Bifoldable and Bitraversable are typeclasses with instances in Either, IOEither, ReadonlyTuple, and Separated. Additional utilities bisequence and bitraverse are also provided for TaskEither.

Installation

Uses fp-ts as a peer dependency. Read more about peer dependencies at nodejs.org.

Yarn

yarn add @jacob-alford/bifold-traverse

NPM

npm install @jacob-alford/bifold-traverse

PNPM

pnpm add @jacob-alford/bifold-traverse

Documentation

Explanation

Bifoldable

fp-ts comes with a built in Foldable typeclass which is built for data-types that have a single type parameter. For data-types with two type-parameters this can be limiting as certain assumptions are made about how to handle the first type parameter.

Bifoldable is useful for when you want to collapse a data-type with two type parameters into a single type while also considering the first type parameter. For example, here is an example using bifoldMap from the exported These module:

import { bifoldMap } from '@jacob-alford/bifold-traverse/These'
import * as Str from 'fp-ts/string'
import * as Th from 'fp-ts/These'

const uppercaseFold: (fa: Th.These<string, string>) => string = bifoldMap(Str.Monoid)(
  Str.toLowercase,
  Str.toUppercase,
)

assert.deepStrictEqual(uppercaseFold(Th.left('Foo')), 'foo')
assert.deepStrictEqual(uppercaseFold(Th.right('bar')), 'BAR')
assert.deepStrictEqual(uppercaseFold(Th.both('foo', 'bar')), 'fooBAR')

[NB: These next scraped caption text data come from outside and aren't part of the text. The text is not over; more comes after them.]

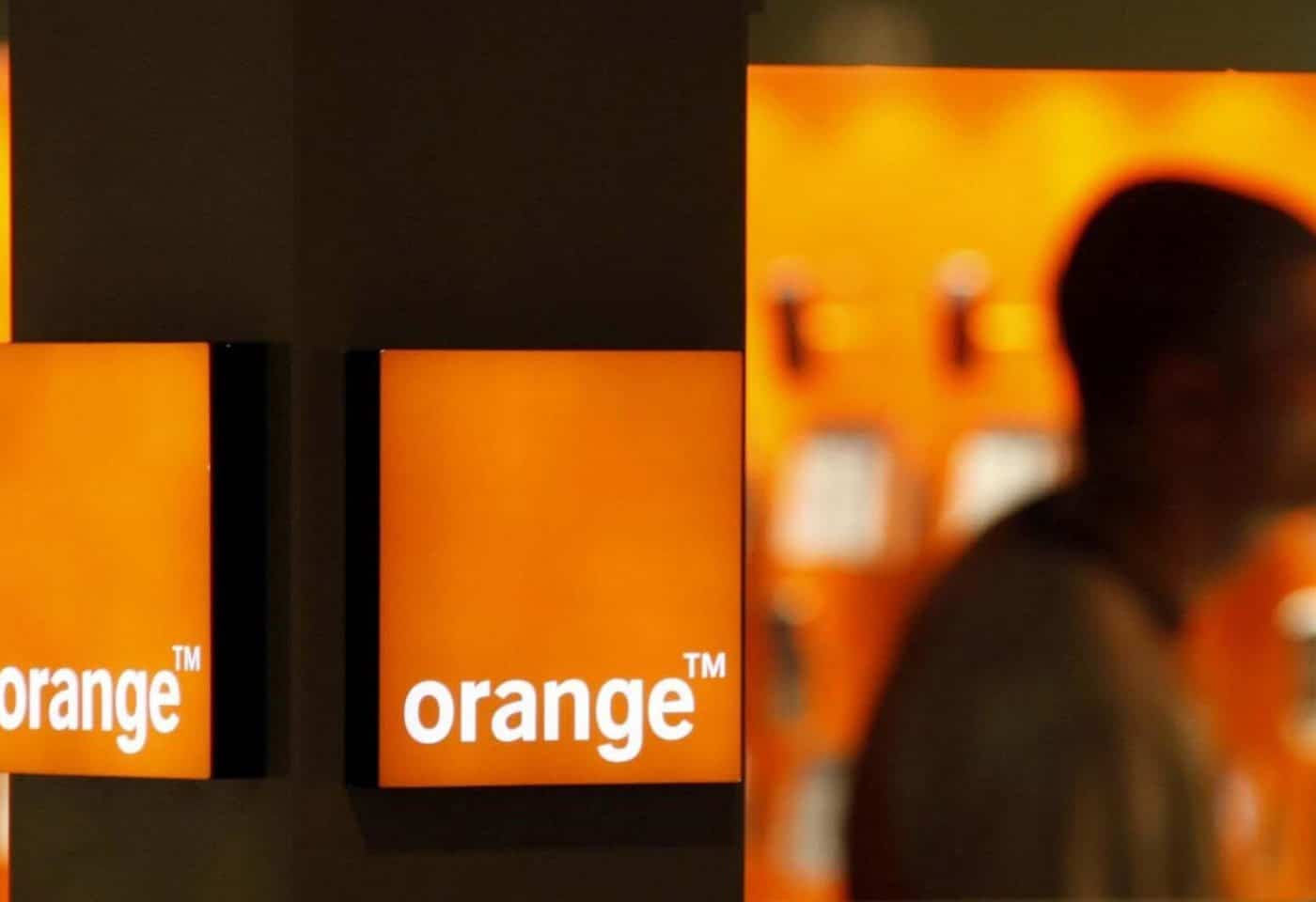 Logo d'Orange sur un poteau, une personne debout en arrière-plan.
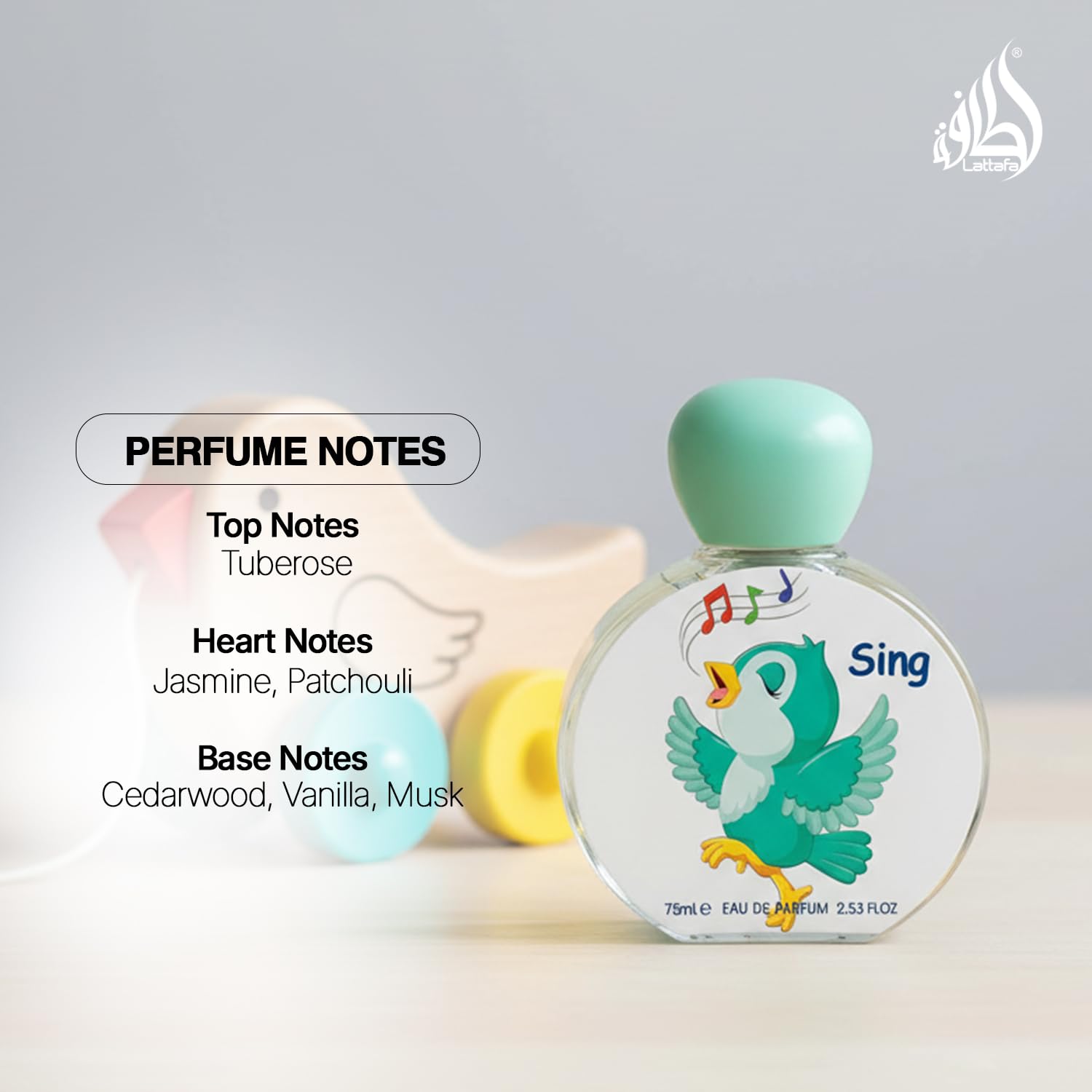 Side angle of the luxury Lattafa Sing unisex children perfume bottle highlighting the premium glass finish and round cap design.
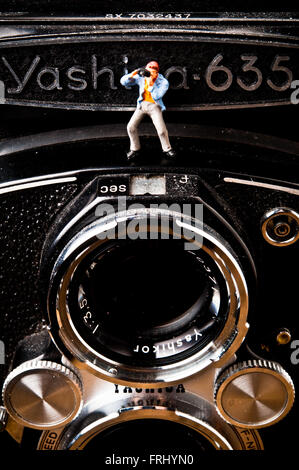 Fotograf-Figur auf einer Fotokamera, Fotografie-Konzept Stockfoto
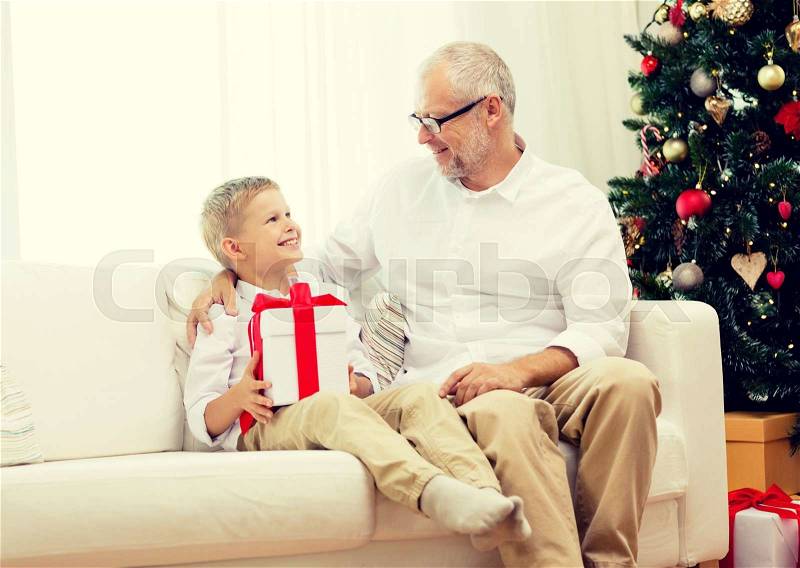 Family, holidays, generation, christmas and people concept - smiling grandfather and grandson with gift box sitting on couch at home, stock photo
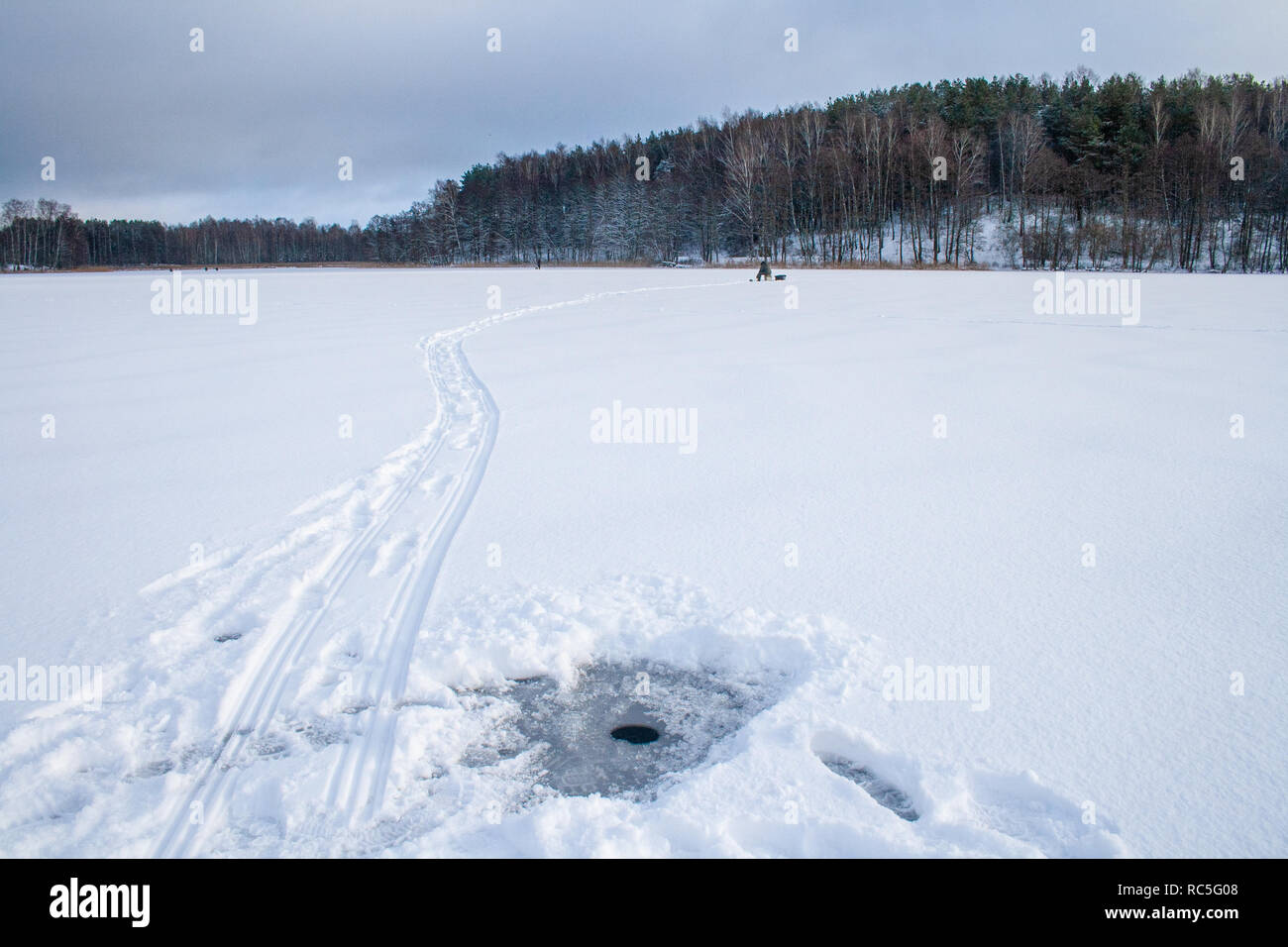 Fishing on a frozen lake in winter, hole Stock Photo Alamy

Here we fold over These and collapse the sum type into a common monoid while mapping each type parameter.

Bitraversable

Like Foldable, Traversable only accounts for a single type parameter. And like Bifoldable, Bitraversable allows you to account for both type-parameters while traversing and sequencing.

The following example illustrates the limitation of using traverse on two-parameter data-types. We are able to narrow Either's success parameter to a number, but we are unable to narrow the error parameter.

import * as E from 'fp-ts/Either'
import * as O from 'fp-ts/Option'
import { pipe } from 'fp-ts/function'

const e: E.Either<string | Error, string | number> = E.left('string')

const result = pipe(
  e,
  E.traverse(O.Applicative)(O.fromPredicate((s): s is number => typeof s === 'number')),
)
// result: Option<Either<string | Error, number>>

Unlike Traversable, Bitraversable is built for data-types with two type parameters, and allows us to traverse both type parameters at the same time.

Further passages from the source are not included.